Understanding Neural Nets through Examining the Effects of Noisy and Incorrect Labeling

ABSTRACT: In this paper we propose an approach to increase the robustness of Multi-classification Artificial Neural Networks to noise. Our approach is to train the Algorithm as a binary classification algorithm to lower the effect noisy data has on weights and biases of the ANN. The Multiplication Algorithms trains on the information that a random guess is the image label, but tests in the same way as a multi-classification algorithm. Furthermore, The Multiplication Algorithm is tested against the standard Pytorch ANN both of which are trained using the MNIST dataset. In this paper, we can conclude that the the Multiplication Algorithm is more noise resistant than the regular Algorithm, but needs more data than the regular algorithm.

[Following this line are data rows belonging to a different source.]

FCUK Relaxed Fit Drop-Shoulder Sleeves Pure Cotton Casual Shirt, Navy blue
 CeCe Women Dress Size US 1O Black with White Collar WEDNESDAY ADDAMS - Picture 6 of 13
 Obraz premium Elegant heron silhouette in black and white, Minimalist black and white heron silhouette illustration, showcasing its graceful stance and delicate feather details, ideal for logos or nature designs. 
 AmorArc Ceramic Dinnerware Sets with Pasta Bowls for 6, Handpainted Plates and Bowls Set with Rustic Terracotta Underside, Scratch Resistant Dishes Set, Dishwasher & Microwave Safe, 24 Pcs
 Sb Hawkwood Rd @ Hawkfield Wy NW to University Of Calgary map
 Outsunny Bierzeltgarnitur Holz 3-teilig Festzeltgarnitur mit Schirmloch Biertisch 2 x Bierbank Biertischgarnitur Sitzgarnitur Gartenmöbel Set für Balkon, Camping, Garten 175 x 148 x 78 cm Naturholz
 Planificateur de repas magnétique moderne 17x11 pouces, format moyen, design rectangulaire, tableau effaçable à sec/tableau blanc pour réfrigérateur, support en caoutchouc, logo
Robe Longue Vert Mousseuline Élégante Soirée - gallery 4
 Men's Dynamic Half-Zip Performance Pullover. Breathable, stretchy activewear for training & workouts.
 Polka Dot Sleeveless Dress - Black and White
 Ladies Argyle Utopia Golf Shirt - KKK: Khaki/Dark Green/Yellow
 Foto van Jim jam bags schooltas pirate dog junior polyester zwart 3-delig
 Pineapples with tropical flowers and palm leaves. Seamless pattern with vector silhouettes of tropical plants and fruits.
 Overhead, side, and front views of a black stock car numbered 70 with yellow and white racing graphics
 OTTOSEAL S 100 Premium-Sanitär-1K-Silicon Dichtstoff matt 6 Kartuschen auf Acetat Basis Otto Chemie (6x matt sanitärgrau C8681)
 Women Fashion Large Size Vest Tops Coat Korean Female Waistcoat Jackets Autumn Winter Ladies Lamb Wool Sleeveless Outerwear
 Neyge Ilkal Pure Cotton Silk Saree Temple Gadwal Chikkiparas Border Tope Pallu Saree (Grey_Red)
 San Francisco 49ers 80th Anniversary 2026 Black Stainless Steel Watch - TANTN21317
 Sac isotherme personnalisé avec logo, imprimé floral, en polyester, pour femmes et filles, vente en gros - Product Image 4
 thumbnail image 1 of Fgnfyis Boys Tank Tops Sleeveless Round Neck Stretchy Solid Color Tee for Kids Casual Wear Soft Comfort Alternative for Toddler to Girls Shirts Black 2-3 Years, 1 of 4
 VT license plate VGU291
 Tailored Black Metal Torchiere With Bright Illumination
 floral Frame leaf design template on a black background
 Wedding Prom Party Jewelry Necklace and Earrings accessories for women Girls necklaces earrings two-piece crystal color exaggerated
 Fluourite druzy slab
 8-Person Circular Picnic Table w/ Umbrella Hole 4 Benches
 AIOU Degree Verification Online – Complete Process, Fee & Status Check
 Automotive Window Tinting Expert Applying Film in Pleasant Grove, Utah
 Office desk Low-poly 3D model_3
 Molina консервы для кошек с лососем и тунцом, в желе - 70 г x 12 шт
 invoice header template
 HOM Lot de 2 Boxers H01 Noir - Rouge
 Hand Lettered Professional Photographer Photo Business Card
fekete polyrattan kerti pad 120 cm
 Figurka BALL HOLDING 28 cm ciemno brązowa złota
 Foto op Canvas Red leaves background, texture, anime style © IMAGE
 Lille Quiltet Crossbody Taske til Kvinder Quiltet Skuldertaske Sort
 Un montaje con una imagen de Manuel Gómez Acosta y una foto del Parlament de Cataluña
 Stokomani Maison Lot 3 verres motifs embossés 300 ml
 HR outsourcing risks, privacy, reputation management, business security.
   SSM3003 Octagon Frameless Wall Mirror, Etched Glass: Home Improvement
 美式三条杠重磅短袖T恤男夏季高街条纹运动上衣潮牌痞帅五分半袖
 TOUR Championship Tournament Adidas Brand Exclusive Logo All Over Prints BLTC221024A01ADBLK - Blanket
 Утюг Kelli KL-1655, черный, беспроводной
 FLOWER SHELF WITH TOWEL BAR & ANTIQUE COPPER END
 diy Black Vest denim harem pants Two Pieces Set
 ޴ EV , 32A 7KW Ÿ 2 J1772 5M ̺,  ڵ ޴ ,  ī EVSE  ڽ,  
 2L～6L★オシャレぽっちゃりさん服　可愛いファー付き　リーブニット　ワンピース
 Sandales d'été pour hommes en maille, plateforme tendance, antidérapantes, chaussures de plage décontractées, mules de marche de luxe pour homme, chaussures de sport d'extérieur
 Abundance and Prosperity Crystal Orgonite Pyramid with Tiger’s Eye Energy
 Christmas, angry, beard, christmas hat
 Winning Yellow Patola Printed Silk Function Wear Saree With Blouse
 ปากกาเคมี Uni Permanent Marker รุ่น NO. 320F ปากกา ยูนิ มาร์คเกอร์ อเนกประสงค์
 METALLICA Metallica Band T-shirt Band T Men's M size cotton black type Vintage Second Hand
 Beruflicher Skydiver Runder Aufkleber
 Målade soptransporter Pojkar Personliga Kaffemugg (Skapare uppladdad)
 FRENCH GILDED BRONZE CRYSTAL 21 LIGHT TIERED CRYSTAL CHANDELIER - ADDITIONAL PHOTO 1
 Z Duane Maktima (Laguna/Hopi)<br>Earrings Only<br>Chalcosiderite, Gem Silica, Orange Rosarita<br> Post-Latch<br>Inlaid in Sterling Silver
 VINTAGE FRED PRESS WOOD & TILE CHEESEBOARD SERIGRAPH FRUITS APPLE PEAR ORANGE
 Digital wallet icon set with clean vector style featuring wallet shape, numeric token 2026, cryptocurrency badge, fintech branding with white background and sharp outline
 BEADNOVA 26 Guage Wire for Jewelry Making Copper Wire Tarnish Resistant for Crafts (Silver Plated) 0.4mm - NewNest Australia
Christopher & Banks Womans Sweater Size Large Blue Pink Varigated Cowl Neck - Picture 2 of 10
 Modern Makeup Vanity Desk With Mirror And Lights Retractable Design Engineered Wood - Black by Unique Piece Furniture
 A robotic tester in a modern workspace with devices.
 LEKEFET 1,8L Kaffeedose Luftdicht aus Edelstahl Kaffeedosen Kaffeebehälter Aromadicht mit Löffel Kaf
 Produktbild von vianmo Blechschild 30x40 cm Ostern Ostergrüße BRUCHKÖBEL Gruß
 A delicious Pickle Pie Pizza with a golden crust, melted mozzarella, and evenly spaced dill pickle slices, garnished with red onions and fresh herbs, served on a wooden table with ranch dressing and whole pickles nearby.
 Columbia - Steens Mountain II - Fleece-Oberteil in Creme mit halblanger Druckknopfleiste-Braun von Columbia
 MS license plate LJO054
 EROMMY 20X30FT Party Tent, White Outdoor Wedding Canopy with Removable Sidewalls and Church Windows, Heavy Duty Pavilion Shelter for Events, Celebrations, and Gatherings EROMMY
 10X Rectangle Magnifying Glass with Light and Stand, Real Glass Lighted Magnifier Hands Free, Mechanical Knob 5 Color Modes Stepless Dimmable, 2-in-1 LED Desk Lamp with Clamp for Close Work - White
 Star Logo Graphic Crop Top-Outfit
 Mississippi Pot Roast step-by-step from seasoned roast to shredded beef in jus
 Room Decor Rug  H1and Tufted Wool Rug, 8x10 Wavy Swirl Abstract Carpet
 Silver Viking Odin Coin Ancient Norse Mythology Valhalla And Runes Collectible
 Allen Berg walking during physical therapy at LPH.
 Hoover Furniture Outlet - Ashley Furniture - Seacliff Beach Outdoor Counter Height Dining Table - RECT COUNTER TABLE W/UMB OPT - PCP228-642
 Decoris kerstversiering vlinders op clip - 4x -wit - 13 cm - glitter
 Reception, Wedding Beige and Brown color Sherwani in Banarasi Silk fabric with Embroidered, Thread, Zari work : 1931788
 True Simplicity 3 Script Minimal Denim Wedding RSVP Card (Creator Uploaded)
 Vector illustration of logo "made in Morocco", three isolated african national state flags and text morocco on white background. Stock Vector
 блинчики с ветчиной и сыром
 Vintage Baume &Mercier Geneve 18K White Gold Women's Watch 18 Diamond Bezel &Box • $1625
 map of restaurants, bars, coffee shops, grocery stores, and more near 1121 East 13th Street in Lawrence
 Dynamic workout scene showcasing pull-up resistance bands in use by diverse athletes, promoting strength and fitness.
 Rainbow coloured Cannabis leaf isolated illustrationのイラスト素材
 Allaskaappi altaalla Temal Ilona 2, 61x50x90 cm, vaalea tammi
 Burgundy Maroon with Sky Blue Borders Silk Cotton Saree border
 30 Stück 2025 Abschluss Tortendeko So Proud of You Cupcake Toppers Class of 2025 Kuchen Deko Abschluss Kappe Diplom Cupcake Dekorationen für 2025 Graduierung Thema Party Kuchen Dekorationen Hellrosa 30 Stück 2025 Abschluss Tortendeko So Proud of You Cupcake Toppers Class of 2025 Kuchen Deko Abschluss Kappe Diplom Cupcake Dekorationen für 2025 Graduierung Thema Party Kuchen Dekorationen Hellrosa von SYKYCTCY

SUMMARY: For ANNs to have accurate results it needs to meet two conditions: be trained on a large amount of data and that the data has a low error bound. Specifically in a research setting it becomes easier to generate experimental data than it is to reduce noise. This paper shows that the training an artificial neural network on binary labels increases the robustness of the algorithm to noisy data at the expense of needing more data. Specifically, two novel ANN Algorithms, the Concatenation and Multiplication Algorithms are compared to the standard pytorch multi-classification algorithm. The Concatenation and Multiplication Algorithms are trained on binary labels of if a randomly generated guess is the the correct label. All three ANNs were tested on the problem of classifying handwritten digits because of the accessibility of the MNIST dataset, but the ANNs can be generalized for any multi-classification algorithm.